I’ve been scratching my head on this one too. You’re probably right about the bitter lesson... at the end of the day, plain English instructions in the context window are what do the heavy lifting.
That said, I reckon that’s actually what this project is trying to lean into. It looks like it's just standardising where those instructions live (the SKILL.md format) so tools can find them, rather than trying to force a new schema.
Fair play to them for trying to herd the cats. I think there's an xkcd comic for this one somewhere.
Skills are for the most part already generated by LLMs. And, if you're implementing them in your own workflow, they're tailored to real-world problems you've encountered.
Having a super repo of everyone else's slop is backwards thinking; you are now in the era where creating written content and verifying it's effectiveness is easier than ever.
[dead]
what a great comment
I share your skepticism and think it's the classic pattern playing out, where people map practices of the previous paradigm to the new one and expect it to work.

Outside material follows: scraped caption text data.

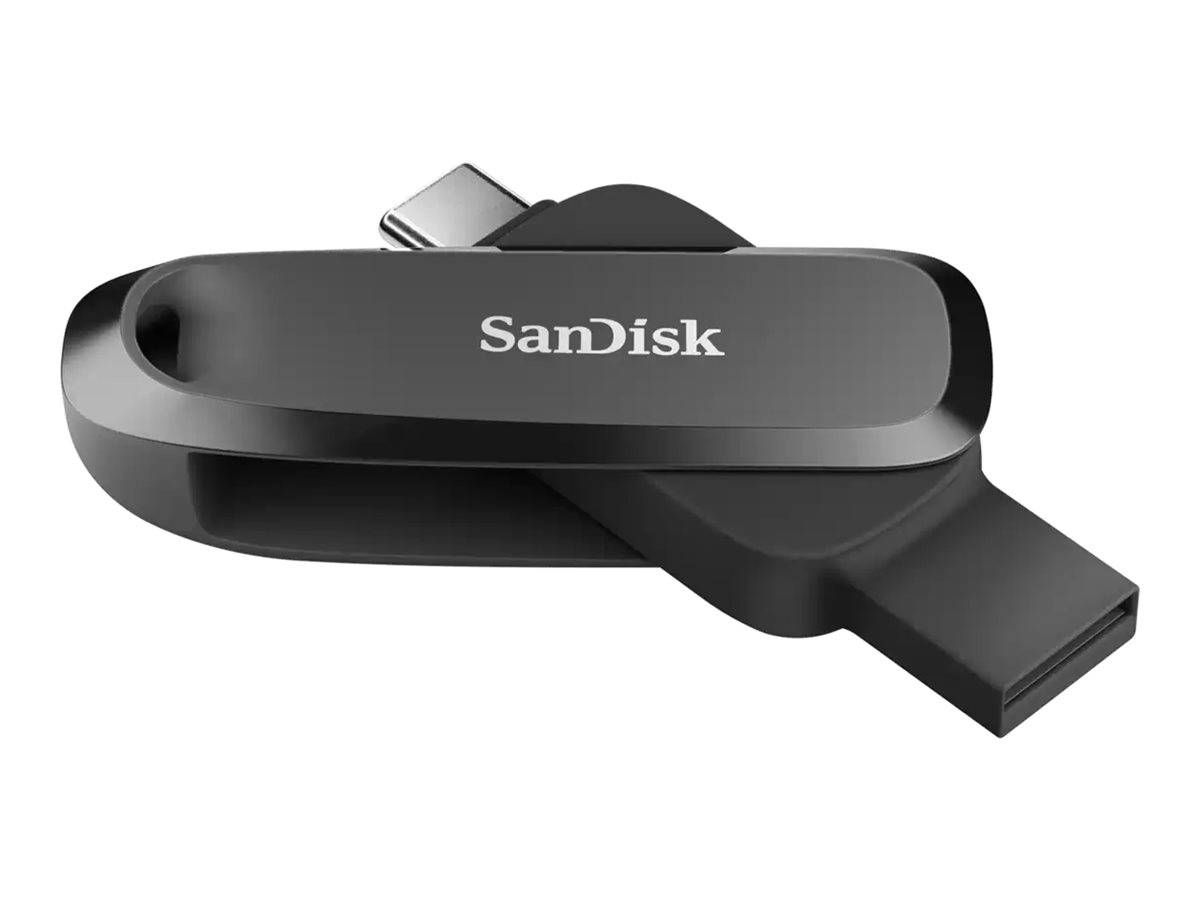 Ein schwarzer SanDisk USB-Stick mit einziehbarem Anschluss und einem kompakten, eleganten Design.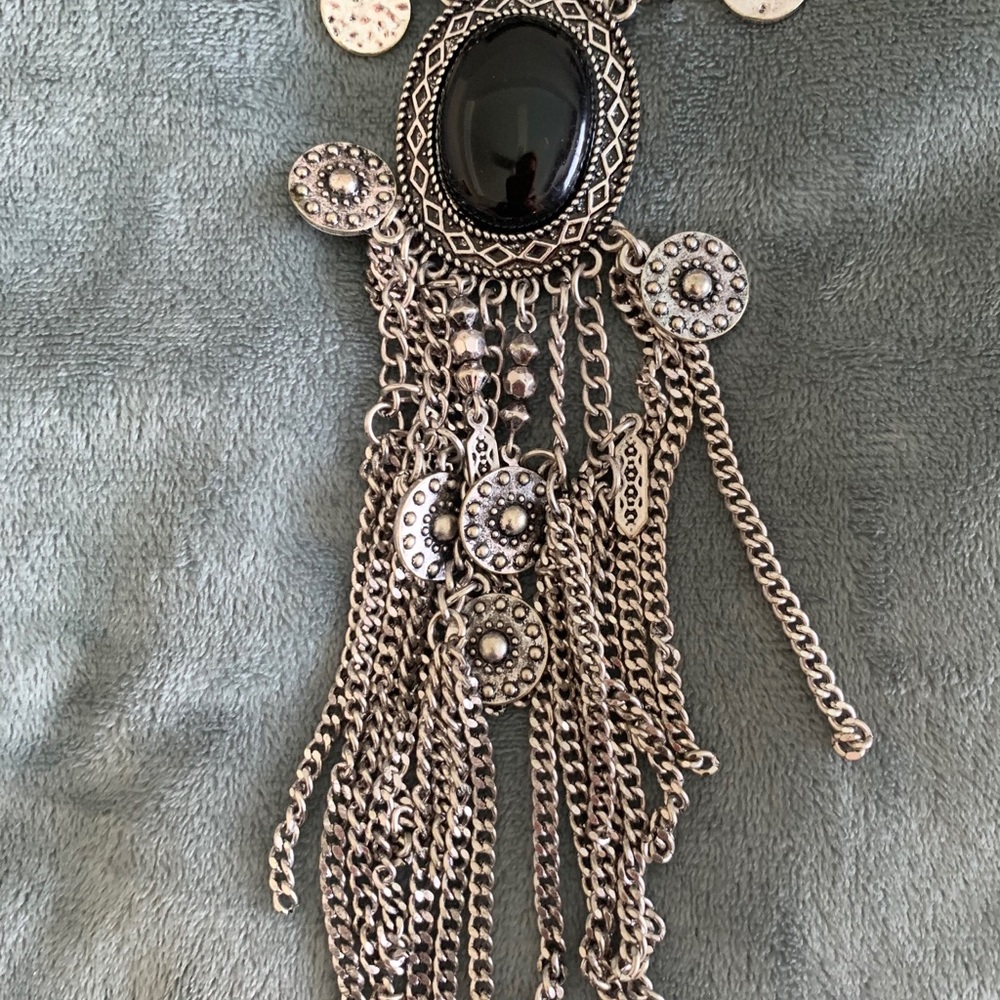 Bebe Boho Silver Statement Necklace - image 4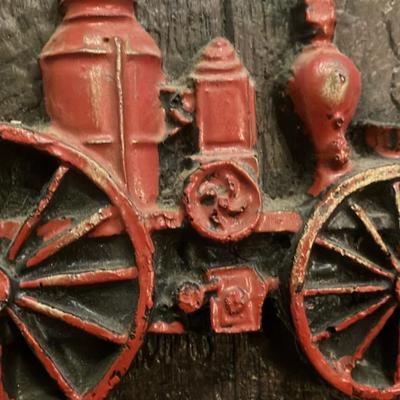 Vintage 1982 Feasterville Fire Company Handcrafted Resin Plaque – Faux Wood Grain, Antique Steam Pumper, by Walter E. Lee Company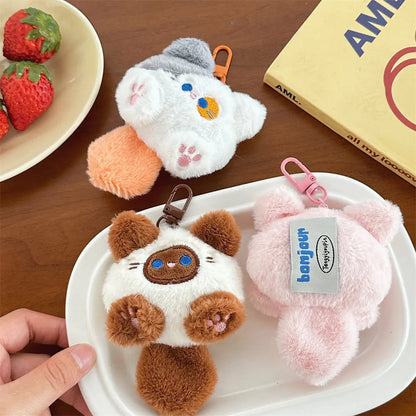 Cute Plush Cat Doll Pendant – Backpack Charm & Couple Bag Keychain Decorative Gift for Girls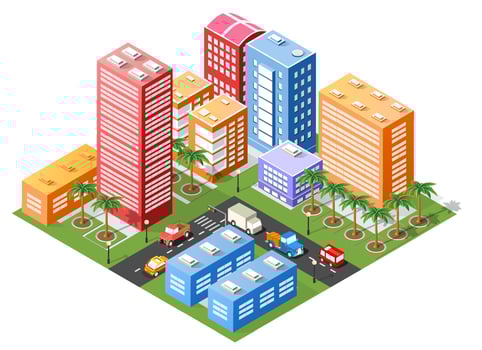 Isometric 3D illustration city urban area with a lot of houses and skyscrapers, streets, trees and vehicles vector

Aspects of it will be similar but it trends to disruption as it becomes clear the new paradigm just works differently (for both better and worse) and practices need to be rethought accordingly.
I actually suspect the same is true of the entire 'agent' concept, in truth. It seems like a regression in mental model about what is really going on.
We started out with what I think is a more correct one which is simply 'feed tasks to the singular amorphous engine'.
I believe the thrust of agents is anthropomorphism: trying to map the way we think about AI doing tasks to existing structures we comprehend like 'manager' and 'team' and 'specialisation' etc.
Not that it's not effective in cases, but just probably not the right way to think about what is going on, and probably overall counterproductive. Just a limiting abstraction.
When I see for example large consultancies talking about things they are doing in terms of X thousands of agents, I really question what meaning that has in reality and if it's rather just a mechanism to make the idea fundamentally digestable and attractive to consulting service buyers. Billable hours to concrete entities etc.